I've just read the newest book by Brad East, a theologian teaching at Abilene Christian University whose essays appear, it seems, several times a week in various outlets (e.g., Christianity Today, Commonweal, or his own blog). This new book is on The Church and it's part of Lexham's Christian Essentials Series. The books in this series are brief theological overviews of an important—essential—topic. The twelve chapters of East's book cover about 160 pages. It's a quick and rewarding read.
East loves the church. I recall reading somewhere (in a blurb? in an introduction? I can't find it now) that this book is a love letter to the church. This is a very positive account of the nature of the church as God's people and as the body of Christ.

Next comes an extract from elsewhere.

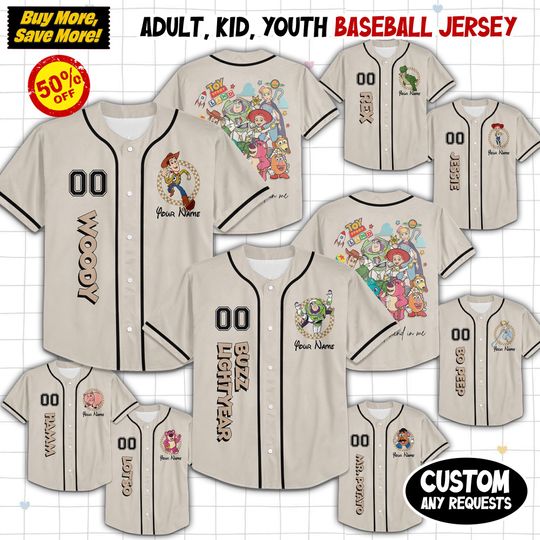 Discover Personalized Custom Disney Toy Story Woody Buzz Lightyear Baseball Jersey Team, Personalized Collection Jersey, Disney Jersey, Gift for Kids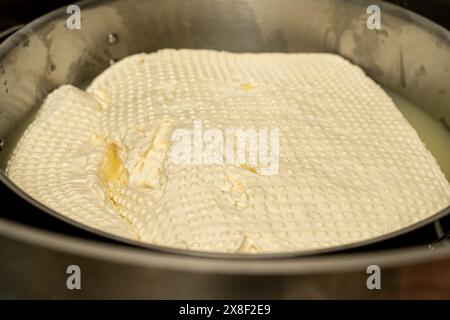 Stagionatura della mozzarella italiana. Primo piano. Foto di alta qualità Foto Stock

That's the dominant note: love, or maybe wonder at God's grace in investing a people with such glory. This is a book that explores how Paul (or Saint Paul, as East would say) could tell husbands to love their wives "just as Christ loved the church and gave himself up for her" (Eph 5:25).

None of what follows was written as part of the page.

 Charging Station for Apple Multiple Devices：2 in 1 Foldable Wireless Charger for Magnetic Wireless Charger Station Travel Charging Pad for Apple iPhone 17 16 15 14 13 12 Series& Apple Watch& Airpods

The subtitle of the volume is "A Guide to the People of God," and of course the "people of God" did not start with the ministry of Jesus and the apostles. East begins his story with Abraham, and perhaps half of the book treats the Hebrew Bible.

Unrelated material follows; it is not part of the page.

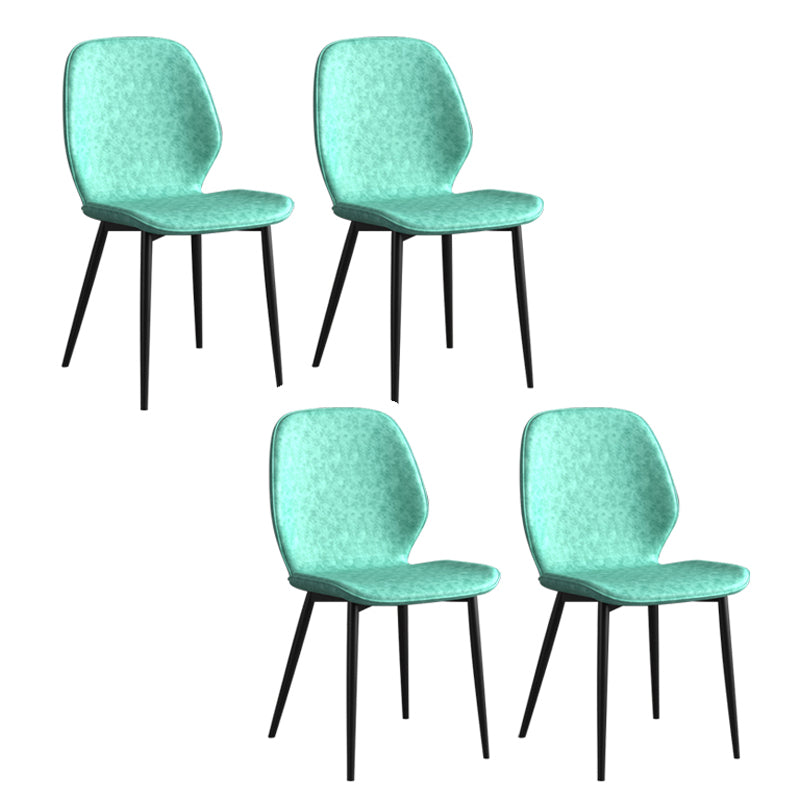 Leder zeitgenössischer Wingback Side Stuhl Küche Essstuhl mit Metallbeinen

One part made me chuckle (or chortle?). Near the end of the book, he mentions "the oft repeated phrase of biblical scholar N. T. Wright, 'The world is put to rights'" (p. 145). The citation provided by East says, "The phrase probably appears in every book he has published, but see Wright, How God Became King" (p. 180 n. 86).
This is not a book for people looking to find things wrong with the church. East sometimes acknowledges those issues. He briefly mentions "our divisions, lamentable though they are" (p. 142). He recognizes that he could have said more about the unity of the church, and he points readers to resources on this topic (p. 177 n. 68). But his longest discussion of something that might be considered negative is on pp. 146–47, in a section that begins: "It must be said at once that failure is characteristic of the Church, for never has there been a time in the Church's life when she has wholly succeeded in following Christ." Here one reads: "'The world' is within the Church, not only without."
There are other books that explore this territory in nauseating depth. The one that springs to mind is Jesus and John Wayne by Kristin Kobes Du Mez (2020). The nausea is a product of the topic about which Du Mez writes, not any failure on her part as a writer or reporter. Indeed, as I have told my students many times, the value of Du Mez's book is that she brings the receipts in her footnotes. She amply documents that "The world is within the Church, not only without."
But for those who have gotten their fill of the (much-needed!) exposés of the Church, or for those looking to balance that portrait with something more positive, East is a cheerful guide. We have been inundated with the fact that the devil can be found in the Church, but that is not East's project. He concentrates instead on the positive case that "Christ is to be found in His Church" (p. 136).